◆ **Problem**
Return every line from the one with "Dra. Deise Nunes" through the one with "Gel Sonoma 15", inclusive, exactly as it appears below.

◆ **Data provided**
───

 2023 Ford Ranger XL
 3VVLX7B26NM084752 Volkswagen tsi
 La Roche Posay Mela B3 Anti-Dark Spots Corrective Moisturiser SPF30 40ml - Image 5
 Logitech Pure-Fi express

───

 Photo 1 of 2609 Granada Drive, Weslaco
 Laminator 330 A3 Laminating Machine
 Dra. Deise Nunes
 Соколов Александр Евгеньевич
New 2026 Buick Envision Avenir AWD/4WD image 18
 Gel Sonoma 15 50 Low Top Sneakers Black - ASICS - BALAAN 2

───

◆ **Task answer**
 Dra. Deise Nunes
 Соколов Александр Евгеньевич
New 2026 Buick Envision Avenir AWD/4WD image 18
 Gel Sonoma 15 50 Low Top Sneakers Black - ASICS - BALAAN 2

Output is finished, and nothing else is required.